For conservatives, Maria's anecdote may sound hard to believe. It may sound exaggerated or over-the-top, but that's because, chances are, many conservatives have never talked to someone who has survived blatant violations of basic human rights in pursuit of a better life. But does suffering lead to a better life? Or does enduring suffering lead to a life where you can simply make more money to in order to buy food in order survive? Because there's a difference. There's a big difference.  

For many wealthier conservatives who scoff at immigrants, who call them racists, and who, likely, have never talked to, met, or taken the time to really sit down and listen to an immigrant's story of entering a country where (false) "hope" pervades, Maria's story may sound far-fetched. But it's not. It's real. And it belongs to so many other Marias and JosŽs of our nation--so many people who may not even have had the opportunity to gain the language skills necessary to articulate their own stories in writing. 

Maria doesn't have these language skills to write her own story, because she had to quit school in the third grade to work. Working never stopped for Maria, and when she arrived in the U.S. she spent her first dozen years working on the Goya bean factory's production line in Los Angeles, CA. She canned beans for a measly hourly wage and shared a two-bedroom apartment in a crime-ridden neighborhood with six other women. When, several years after coming to the U.S., she got into a car accident with her husband, which totaled their vehicle, she refused to go to the hospital, despite having been concussed, for fear of being deported. This accident left Maria's husband deaf in one ear, an accident for which neither people ever received emergency treatment. 

In 1986, before I was even born, Maria was granted amnesty, and therefore citizenship, under the Immigration Reform and Control Act of 1986, which President Ronald Reagan signed into law. When she came to work for my family, Maria was a citizen, but at heart still an immigrant. 

It wasn't until later in my life that Maria shared the intricate details of her immigration experience with me. When this last election season rolled around, I'd call Maria constantly and ask for her thoughts. She remained consistently hopeful that the democratic candidate, Hillary Clinton, who stood for the very social democratic values that allowed Maria to recover and live in this country, would be elected. But when Hillary was not elected, both Maria and I were crushed. 

Maria was the first person I called the morning after the winner was announced. In Spanish, she relayed over the phone to me that, "I guess there's no place for [my husband and I] in this country anymore, Valerie. I guess we're going to have to figure out where to go next, because we're not wanted here." 

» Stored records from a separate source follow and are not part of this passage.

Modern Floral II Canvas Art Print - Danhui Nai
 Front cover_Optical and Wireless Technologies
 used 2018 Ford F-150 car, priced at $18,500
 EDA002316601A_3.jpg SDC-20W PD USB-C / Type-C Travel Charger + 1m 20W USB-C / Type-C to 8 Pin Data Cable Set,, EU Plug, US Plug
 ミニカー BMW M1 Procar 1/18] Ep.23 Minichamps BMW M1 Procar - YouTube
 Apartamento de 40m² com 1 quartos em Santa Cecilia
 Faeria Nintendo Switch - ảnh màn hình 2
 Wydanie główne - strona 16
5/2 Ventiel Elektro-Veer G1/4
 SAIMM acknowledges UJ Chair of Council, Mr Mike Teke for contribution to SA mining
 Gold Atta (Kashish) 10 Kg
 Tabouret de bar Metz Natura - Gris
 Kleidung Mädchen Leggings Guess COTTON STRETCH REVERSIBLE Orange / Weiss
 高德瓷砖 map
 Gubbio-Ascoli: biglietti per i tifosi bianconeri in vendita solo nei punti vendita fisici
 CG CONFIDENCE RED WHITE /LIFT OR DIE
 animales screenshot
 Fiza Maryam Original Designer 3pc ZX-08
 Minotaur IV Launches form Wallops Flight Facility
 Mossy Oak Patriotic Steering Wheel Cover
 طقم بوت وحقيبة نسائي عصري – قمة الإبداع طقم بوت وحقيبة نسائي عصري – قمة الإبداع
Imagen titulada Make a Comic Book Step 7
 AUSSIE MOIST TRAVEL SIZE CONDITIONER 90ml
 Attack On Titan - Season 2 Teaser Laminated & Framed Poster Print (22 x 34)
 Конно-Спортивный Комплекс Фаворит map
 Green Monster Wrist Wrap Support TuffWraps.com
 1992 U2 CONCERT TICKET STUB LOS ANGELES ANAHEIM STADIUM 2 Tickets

To hear these utterances from the mouth of the woman who not only raised me, but who emulated for me ALL of the characteristics of a model, hard-working, and moral citizen killed my spirits. To hear Maria tell me how Donald Trump's slurs against Mexican people plagued her further demoralized me to the point of immobilization. The day after the election, I could not move. I wanted to curl up into a ball and let the darkness pervade me. I felt like I had no other choice. 

But today, I share Maria's story so that we do not remain immobile and so that we do not yield to the darkness that lies within the xenophobic heart. Instead, let us rise up and mobilize, let us rally against hateful speech and xenophobic rhetoric, and let us remember that all people are human, deserving of human rights, dignity and respect.